_Brief_. If a line in the listing below holds the word "stone", it counts toward the total; report that total alone.

_Supplied entries_.
########

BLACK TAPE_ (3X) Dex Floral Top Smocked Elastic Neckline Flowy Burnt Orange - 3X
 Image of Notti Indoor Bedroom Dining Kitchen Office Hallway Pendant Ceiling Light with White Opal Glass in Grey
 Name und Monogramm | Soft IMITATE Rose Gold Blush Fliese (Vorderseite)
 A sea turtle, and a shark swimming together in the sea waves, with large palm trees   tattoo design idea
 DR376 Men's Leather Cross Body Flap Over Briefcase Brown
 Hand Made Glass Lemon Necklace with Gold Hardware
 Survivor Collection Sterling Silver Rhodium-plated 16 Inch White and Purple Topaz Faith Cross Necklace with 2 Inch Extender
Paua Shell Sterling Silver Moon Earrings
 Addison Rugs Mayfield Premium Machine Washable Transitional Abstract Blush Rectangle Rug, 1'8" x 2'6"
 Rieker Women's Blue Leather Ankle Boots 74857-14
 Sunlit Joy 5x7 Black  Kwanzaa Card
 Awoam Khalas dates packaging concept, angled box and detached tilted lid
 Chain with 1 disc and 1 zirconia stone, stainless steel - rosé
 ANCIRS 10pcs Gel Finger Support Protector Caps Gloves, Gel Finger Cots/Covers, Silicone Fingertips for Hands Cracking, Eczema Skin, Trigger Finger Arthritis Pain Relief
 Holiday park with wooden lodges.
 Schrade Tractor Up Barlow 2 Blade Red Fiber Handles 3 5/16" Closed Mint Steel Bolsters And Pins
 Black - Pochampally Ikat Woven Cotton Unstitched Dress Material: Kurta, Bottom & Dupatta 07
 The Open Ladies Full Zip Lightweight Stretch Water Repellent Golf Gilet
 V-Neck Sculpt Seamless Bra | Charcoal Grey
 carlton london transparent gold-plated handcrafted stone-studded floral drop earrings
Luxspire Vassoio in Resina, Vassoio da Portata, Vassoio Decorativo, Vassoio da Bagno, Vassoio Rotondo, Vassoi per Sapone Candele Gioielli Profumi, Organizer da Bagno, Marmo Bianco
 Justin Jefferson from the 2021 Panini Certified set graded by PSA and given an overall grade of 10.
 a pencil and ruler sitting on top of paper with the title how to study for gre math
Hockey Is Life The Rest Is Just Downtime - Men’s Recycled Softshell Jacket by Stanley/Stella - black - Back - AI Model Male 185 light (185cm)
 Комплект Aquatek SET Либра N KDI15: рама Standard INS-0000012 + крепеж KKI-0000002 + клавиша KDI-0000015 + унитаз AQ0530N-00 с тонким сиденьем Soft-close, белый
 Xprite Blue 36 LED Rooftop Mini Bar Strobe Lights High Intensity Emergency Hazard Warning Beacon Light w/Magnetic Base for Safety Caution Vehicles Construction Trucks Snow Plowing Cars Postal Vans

########

_Response_. 2